As he was sworn, he said, “Portugal won’t fail,” and he added, “We can’t ignore the scope and urgency of the challenges ahead, but we won’t fear.”
The new government is formed by a total of 11 ministries, 5 less than outgoing Socialist Party (PS) government. The 11 ministries are shared between the two coalition parties in government.
The Social Democrats (PSD), who won the June 5 elections, have four ministries, while their coalition partner, the Christian Democrats (CDS-PP) have three ministries. There are four independent ministries.
The Ministry of Foreign Affairs went to Paulo Portas, the leader of the coalition Christian Democrat Party (CDS-PP). The Ministry of Finance went to independent macroeconomist Vitor Gaspar. The Ministry of Education went to Nuno Crato. The Ministry of Defense went to Social Democrat José Pedro Aguiar Franco. There are two women in the new Cabinet, Paula Teixeira da Cruz, Ministry of Justice, and Assunção Cristas, Minister of Agriculture.
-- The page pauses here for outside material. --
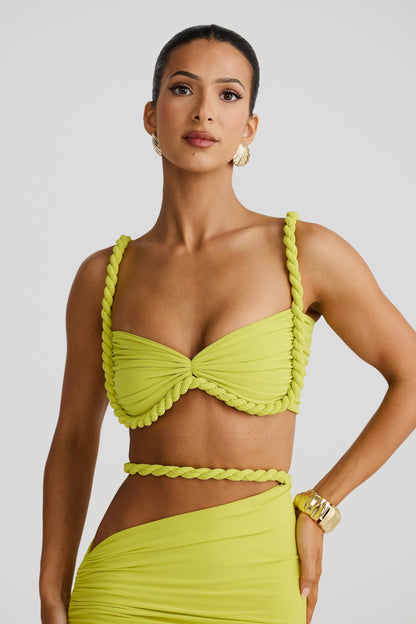 Vestido elegante de dos piezas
The new appointed Finance Minister, Vitor Gaspar, is scheduled to meet Tuesday with representatives from the International Monetary Fund, European Central Bank and European Commission, to deliberate over Portugal’s compliance with the financial bailout worth 78 billion-euro ($114 USD billion).
Under the terms of the bailout, Portugal will have to reduce its government budget deficit to 5.9% of gross domestic product this year, compared with 9.1% in 2010, and reach 4.5% in 2012 and 3% in 2013.
The new coalition government will implement 13 austerity measures, out of a total of 209 austerity measures, no later than the end of July, which includes across-the-board tax hikes, steep spending cuts and structural reforms. The measures are a condition to meet the terms of the bailout loan.
The conservative Social Democrats (PSD) won 108 seats out of 230 Parliament seats at the June 5 election, defeating the ruling Socialist Party (PS). The winning party didn’t attain a majority and a government coalition was formed with right-wing Christian Democrats (CDS-PP) holding 24 seats.